*EXERCISE PROMPT*: Exact copy, no pictures: every line from the one that contains "Na cestách s" through the end of the data below, and nothing else.

====== DATASET ENTRIES

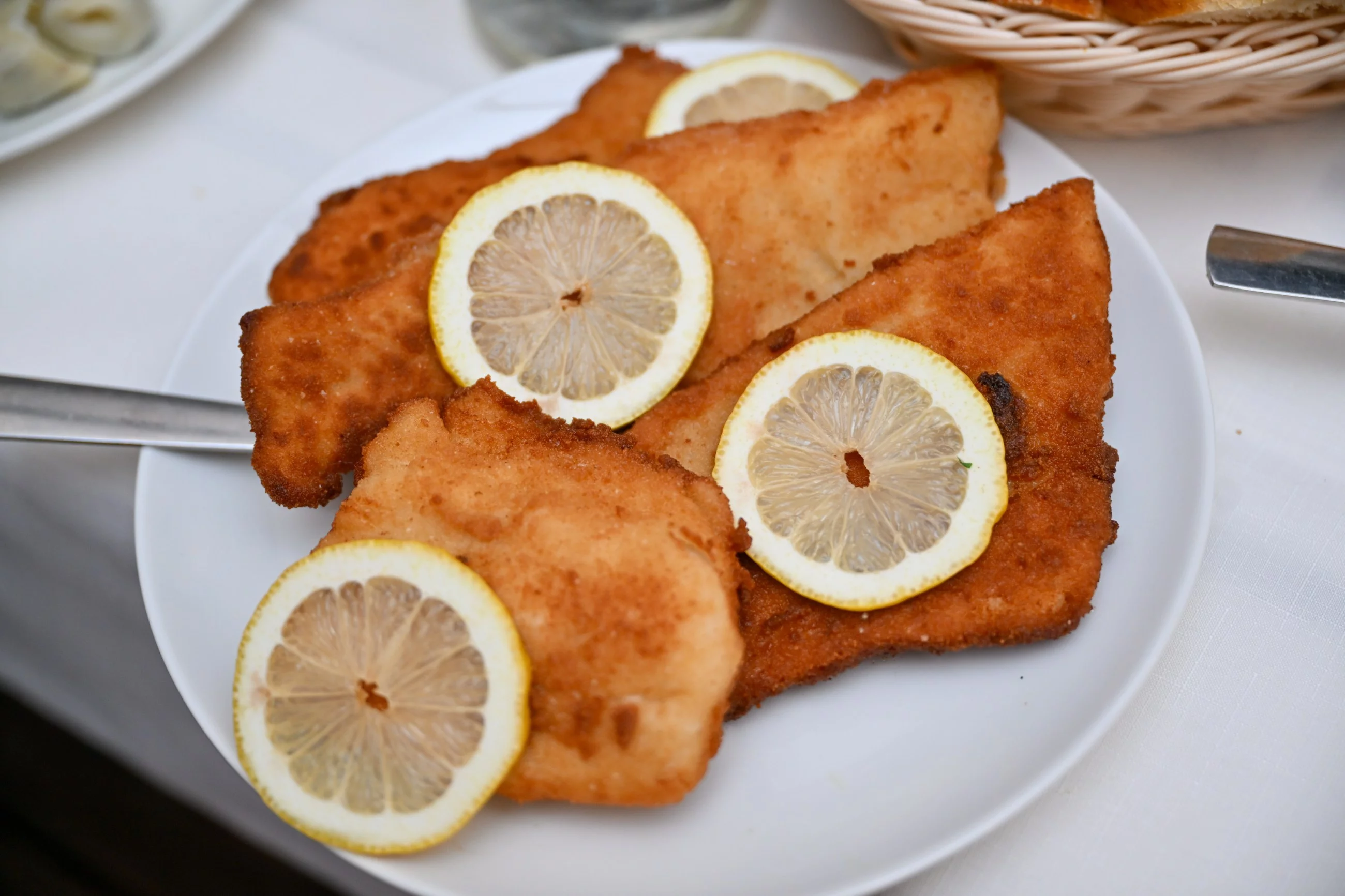 Karp na wigilijnym stole, zdjęcie ilustracyjne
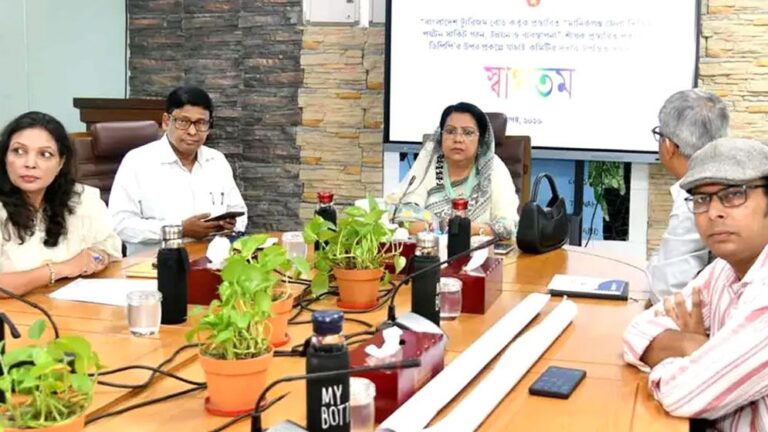 কক্সবাজারে পর্যটক নিহতের ঘটনায় কঠোর ব্যবস্থা নেওয়ার নির্দেশ পর্যটন মন্ত্রীর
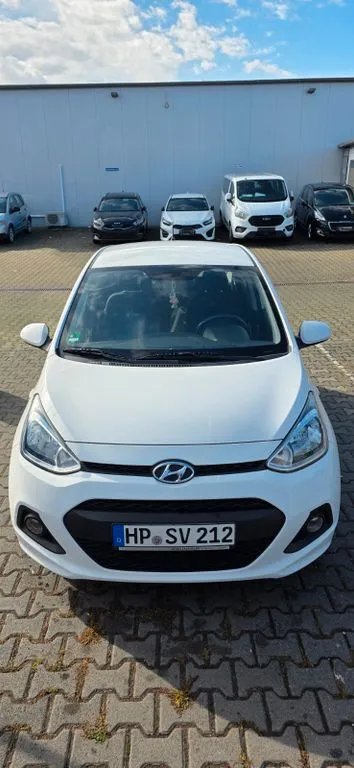 Hyundai i10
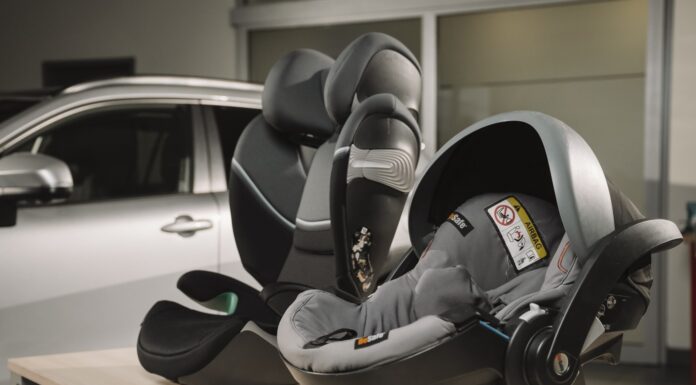Na cestách s dítětem bezpečně: jak vybrat správnou autosedačku a kam ji připevnit?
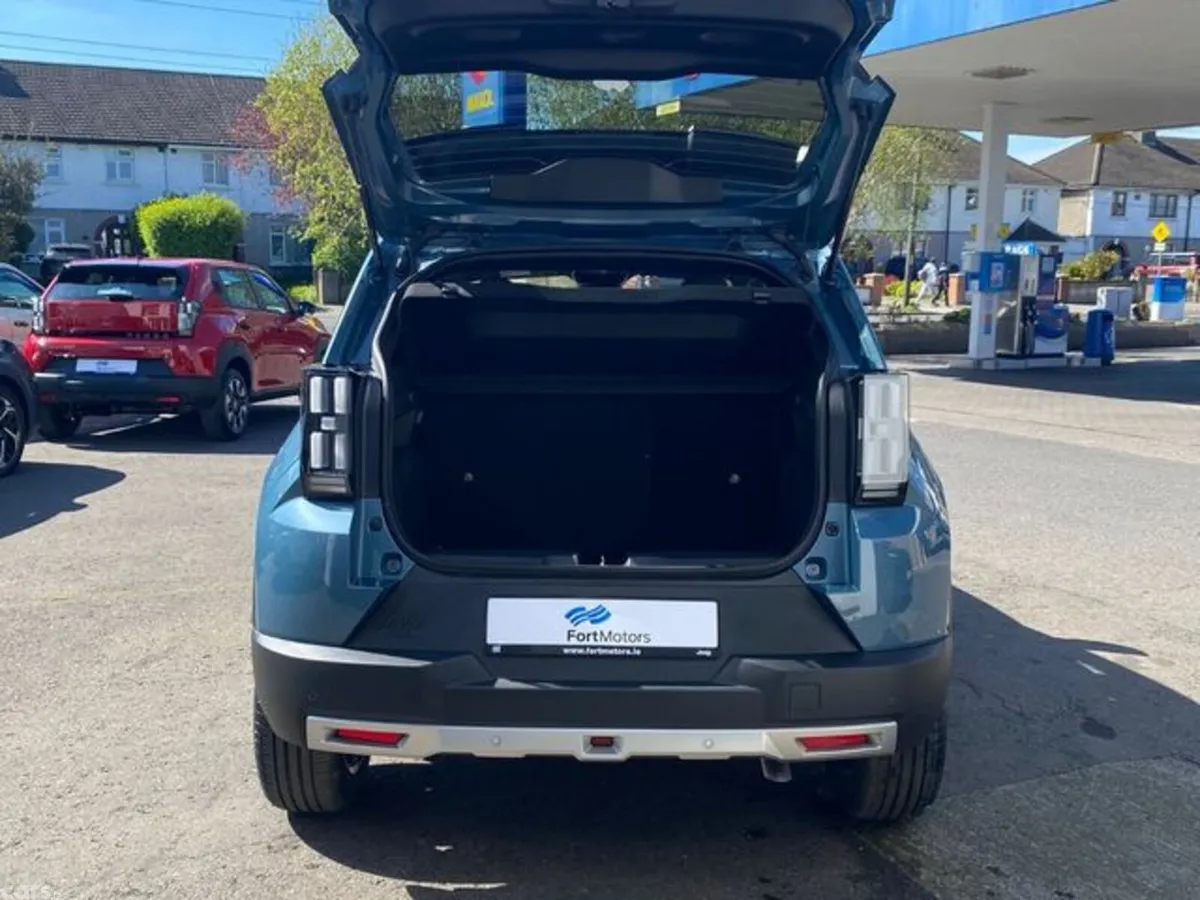 Fiat Grande Panda SUV, Petrol Hybrid, 2027, Blue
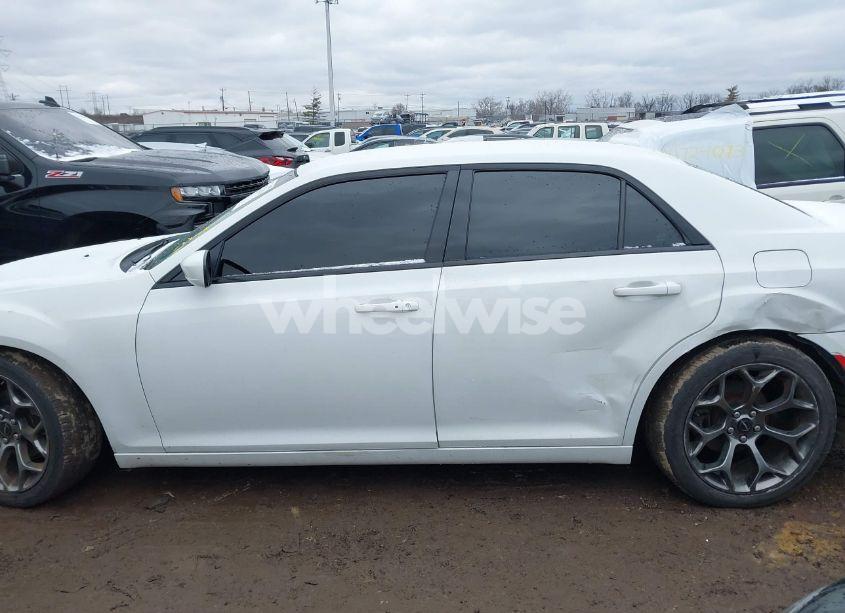 Photo 14 of 2015 Chrysler 300 300S (VIN 2C3CCABG9FH921565)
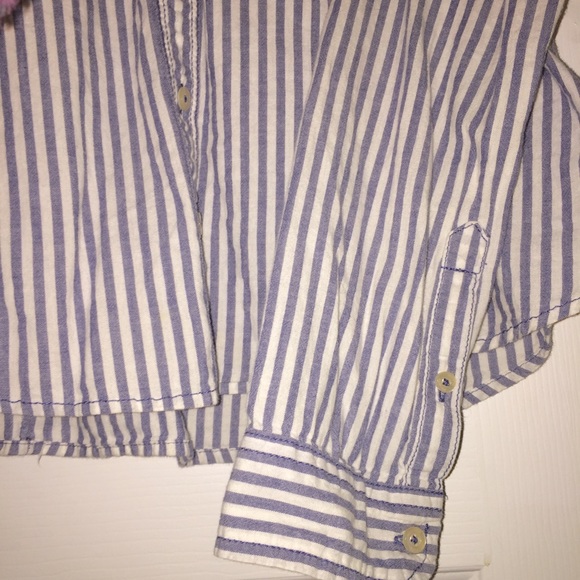 HOLLISTER pinstriped button down shirt - Picture 2 of 2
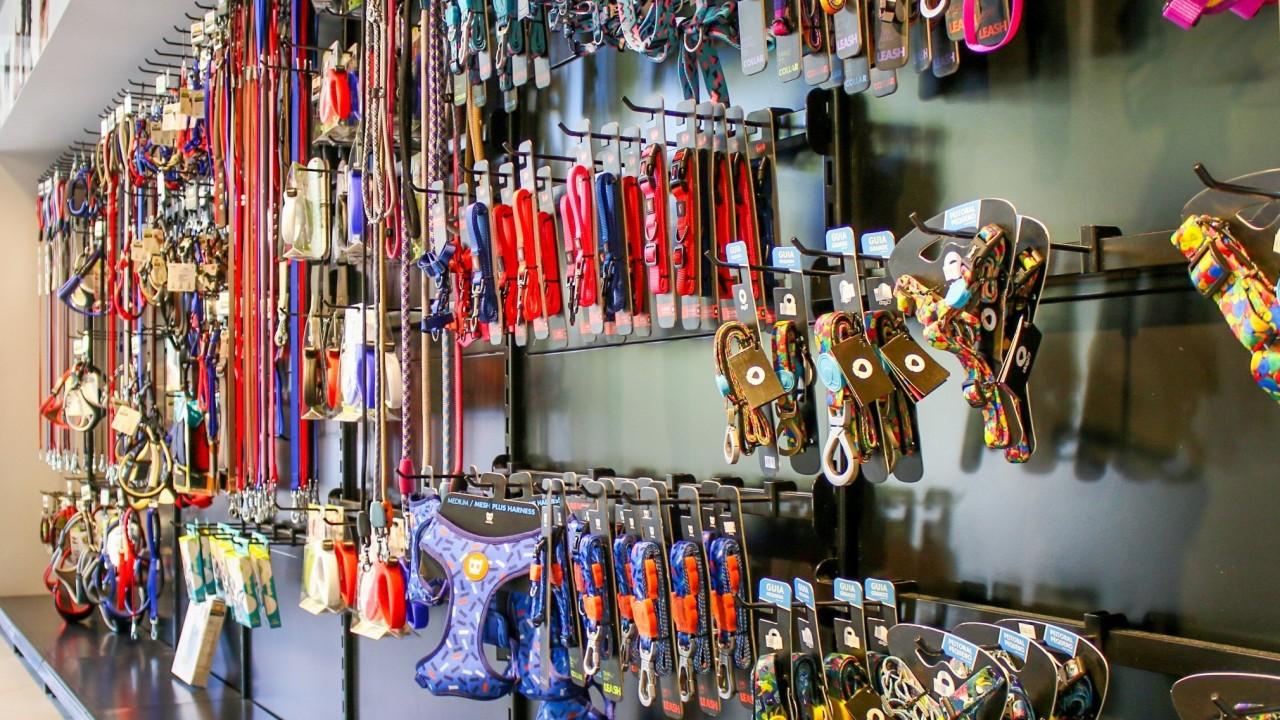 gôndolas e prateleiras para loja de rações, coleiras, petshop e agropecuárias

============

*ANSWER SECTION*:
Na cestách s dítětem bezpečně: jak vybrat správnou autosedačku a kam ji připevnit?
 Fiat Grande Panda SUV, Petrol Hybrid, 2027, Blue
 Photo 14 of 2015 Chrysler 300 300S (VIN 2C3CCABG9FH921565)
 HOLLISTER pinstriped button down shirt - Picture 2 of 2
 gôndolas e prateleiras para loja de rações, coleiras, petshop e agropecuárias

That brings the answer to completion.